È giunto dalla Conferenza Unificata il via libera al Piano Nazionale Integrato per l'Energia e il Clima: gli obiettivi di breve e lungo termine.
È giunto dalla Conferenza Unificata il via libera al Piano Nazionale Integrato per l'Energia e il Clima: gli obiettivi di breve e lungo termine.

Si è svolta ieri a Roma, nella cornice del Palazzo della Stamperia, la presentazione del Piano Nazionale Integrato per l’Energia e il Clima alla presenza di membri del Ministero dello Sviluppo Economico, del Ministero dell’Ambiente e del Ministero delle Infrastrutture e dei trasporti.

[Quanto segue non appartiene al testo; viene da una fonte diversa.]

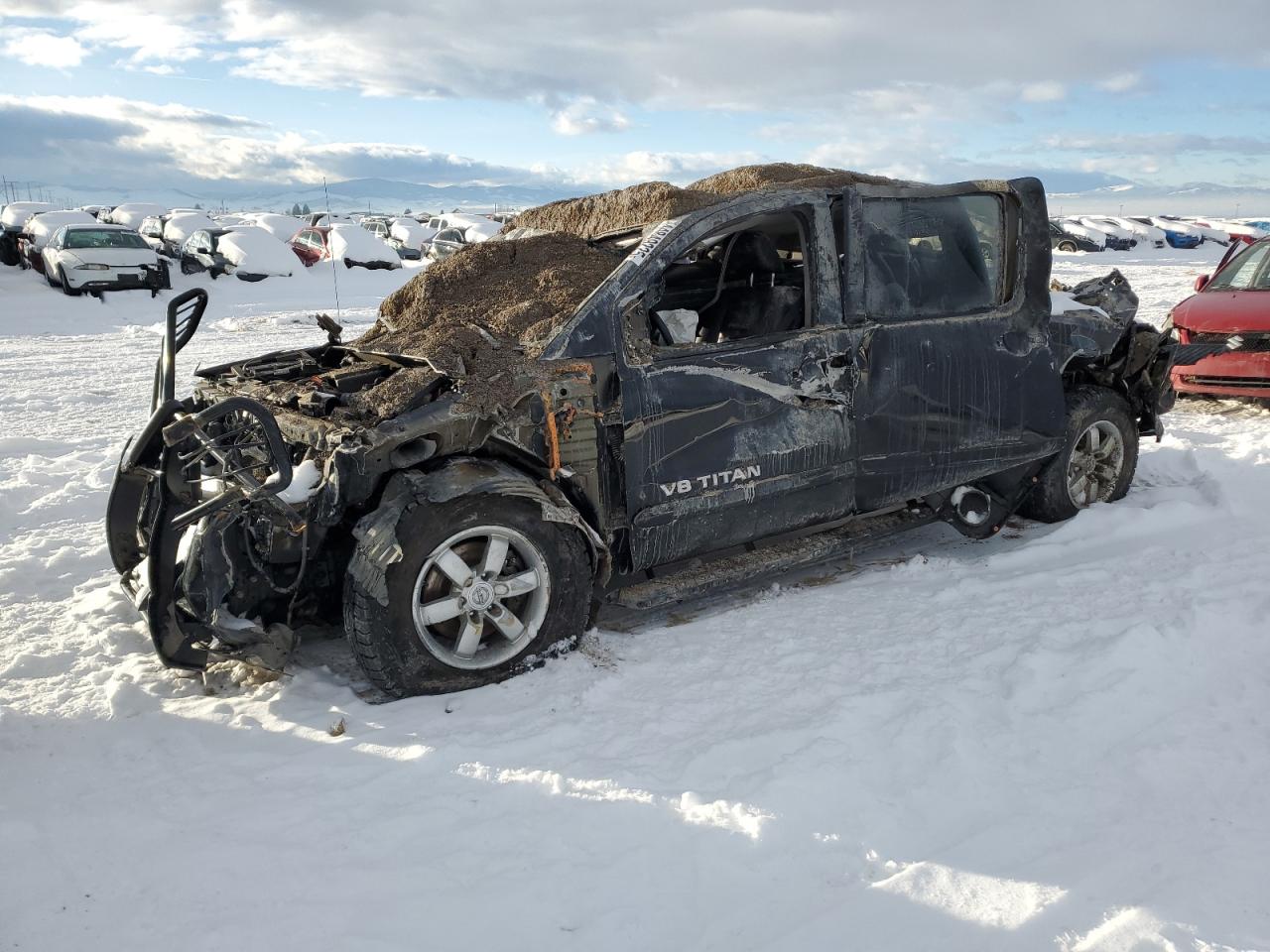 2012 Nissan Titan S на продаже в Helena, MT - All Over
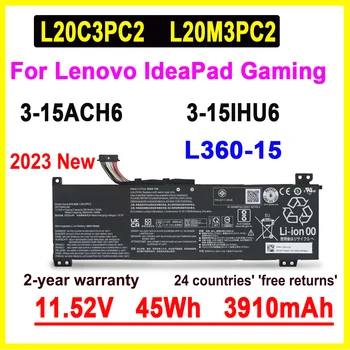 Jauno Klēpjdatoru Baterijas L20C3PC2 L20M3PC2 Lenovo Ideapad Spēļu 3 15ACH6 15IHU6 82K1 82K2 L20L3PC2 L20D3PC2 11.52 V 45WH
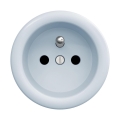 Reblig - Presa domestica retrò senza placca 230V blu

PNIEC, un passo avanti su energia e clima

Il PNIEC, che sarà oggetto di ulteriori integrazione al fine di tener conto delle ultime novità legislative, ha di fatto ottenuto il via libera da parte della Conferenza Unificata che regola i rapporti tra stato, regioni, province e amministrazioni comunali. Fa parte del pacchetto di provvedimenti comunitari definiti in modo da rispettare gli obiettivi posti per il 2030 in tema di energia e clima facendo leva su pratiche virtuose come la decarbonizzazione, sul concetto di efficienza e sicurezza energetica, sulla creazione di un mercato unico per l’energia e sugli investimenti destinati a innovazione e competitività. Queste le parole della sottosegretaria Alessandra Todde.

Raggiungere coesione e una strategia unitaria, nel rispetto delle differenti funzioni istituzionali, ha rappresentato un risultato davvero significativo per cui ringrazio regioni ed enti locali.

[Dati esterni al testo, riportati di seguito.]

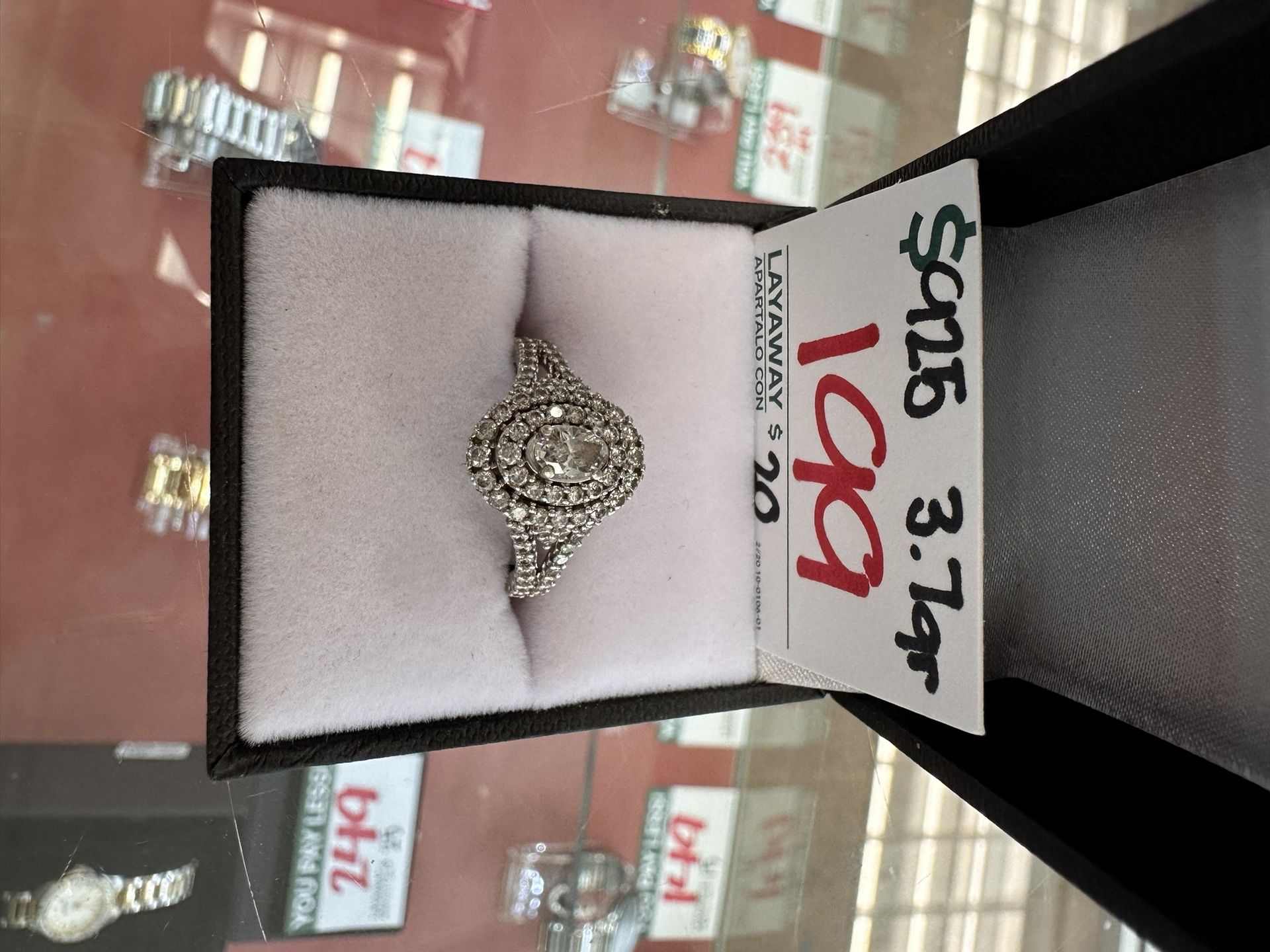 Silver/925 Engagement Ring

Il MISE ha inoltre convenuto, in seguito a un confronto con istituzioni ed enti, di integrare nel Piano alcune proposte riguardanti tra le altre cose l’istituzione di un osservatorio in modo da favorire la collaborazione e condivisione dei temi di implementazione e il coinvolgimento delle regioni ai fini della localizzazione dei grandi sistemi di accumulo dell’energia.

L’obiettivo più di lungo termine è quello di giungere alla neutralità climatica entro il 2050 come proposto dalla Commissione Europea. Non sarà però un percorso semplice considerando l’opposizione di alcuni stati membri.